A south-to-north profile along Spruce Street gives an idea of the shape of the valley.
The profile isn't a straight slope down to the creek, water on the Earth's surface doesn't flow straight and, consequently, over time, the course of a stream changes and the surfaces carved into the ground are complex. Also, notice on the map that my path wasn't straight. Spruce Street is interrupted as it runs through the Walnut Hill neighborhood.
Notice that the southern slope of the valley is a lot higher than the northern slope. Well, not really. The northern slope continues on the other side of Arapahoe Road.
When I returned home, this flicker was waiting for me in my backyard.

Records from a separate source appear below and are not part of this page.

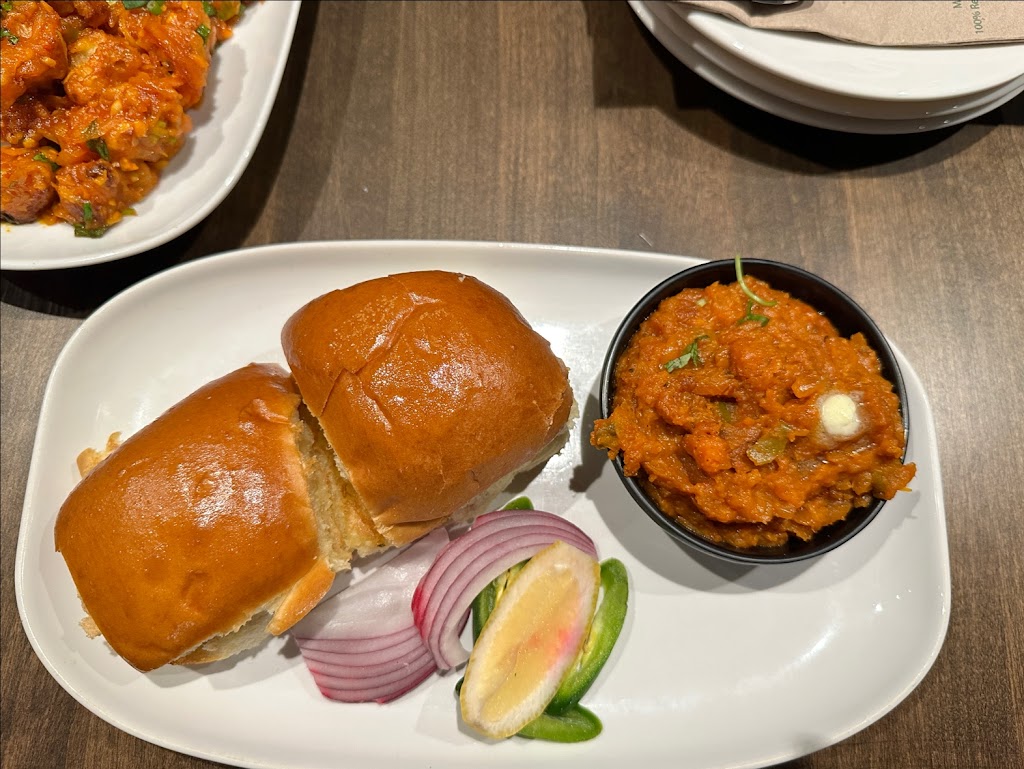 Dosa Club Indian kitchen & Bar | 1355 Sumas Way, Abbotsford, BC V2S 8H2, Canada | Phone: (604) 504-4410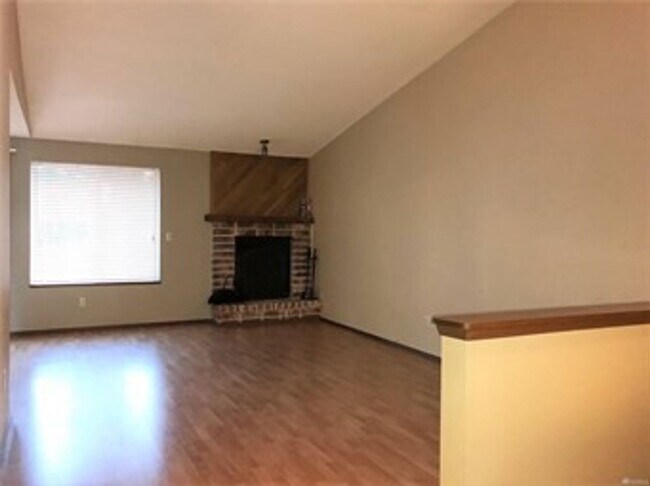 Building Photo - 13840 Crestview Cir NW
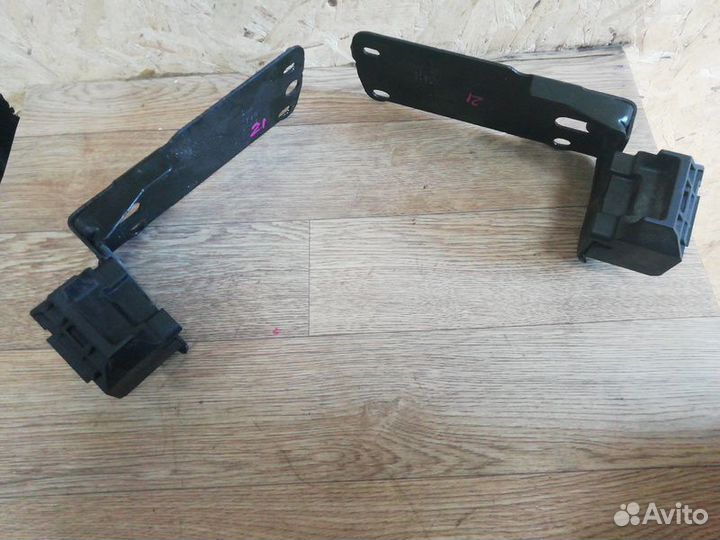 Кронштейн крепления радиатора BMW 3 серия Е90/91 L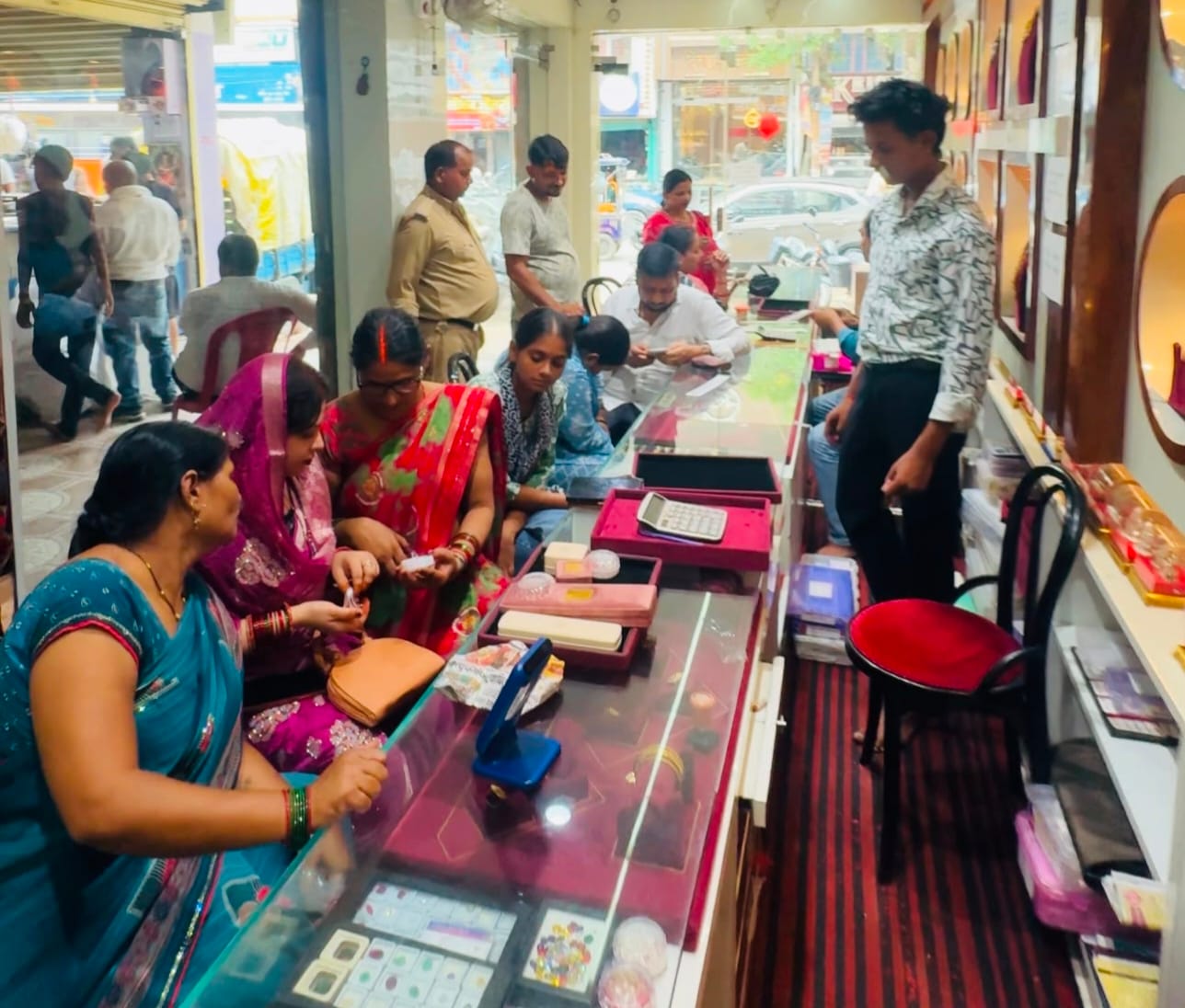 शहर में स्थित आभूषण की दुकान पर खरीददारी करती महिलाएं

Flickers are related to woodpeckers and sapsuckers. We have an abundance of all these in Colorado. Thanks to my birdwatcher friend for identifying this one.
These explorations happened in the space of a week and I help out in the Christ Church Episcopal Library on Wednesdays, which gave me an interlude. I took a train back to the old neighborhood. That gave me the opportunity to look around Village Center. The Lightrail Station features a long suspended walkway over Interstate 25. I'll have to revisit that when I write a blog on bridges. This one combines a walkway suspended by cables suspended by an arch.
[Bridge at Arapahoe at Village Center Station.]
I also checked out Tower 1 at Village Center, the twenty-two story building that can be seen from all the neighboring areas. The person at the information desk was informative. He explained that the tower was an office building built in 1987. The entire top floor is occupied by a law firm, so there's no public Access, but the view from the ground is nice.
[Tower One, Greenwood Village Center]
This odd little conical Hill is just at the boundary of the Lightrail Station. It's surrounded by … stuff - not particularly scenic stuff - but it's a pretty little conical Hill with a spiral walkway to the top.
Two of the three highest peaks in the Front Range of the Rocky Mountains, Mount Evans and Pike's Peak, are visible from this area. The highest, Mount Elbert, is also the highest in Colorado, but it's a little too far west to be seen from here.
[Pike's Peak from Walnut Hill neighborhood]
And here's Mount Evans.
[Mount Evans from Walnut Hill neighborhood]
We also have our share of raptors. This young hawk scrutinize me from his perch in the western part of Walnut Hill Park.
I frequently stop in at the Mini Moo Tea Shop in the shops along Arapahoe. They let me take a picture of their "dog".
[Mini Moo's dog]
Dry Creek Road, at the southwest corner of Walnut Hill, has some spectacular views of the Front Range.
The snow capped peak to the right is Mount Evans.
I extended my walk in the southwest corner of the neighborhood along Quebec at the western border of the next neighborhood - Willow Creek. It resembles Walnut Hill in that the main topography is a creek valley.
On my last excursion, I noticed that Walnut Hill Elementary School has added an "A" to their curriculum. "STEM" is now "STEAM". "STEM" stands for "science, technology, engineering, and mathematics". STEAM adds "arts". There is a move to change it to STREAM and add "Reading and wRiting". It looks like we're back to the three Rs.
Your neighborhood is an adventure. Explore it.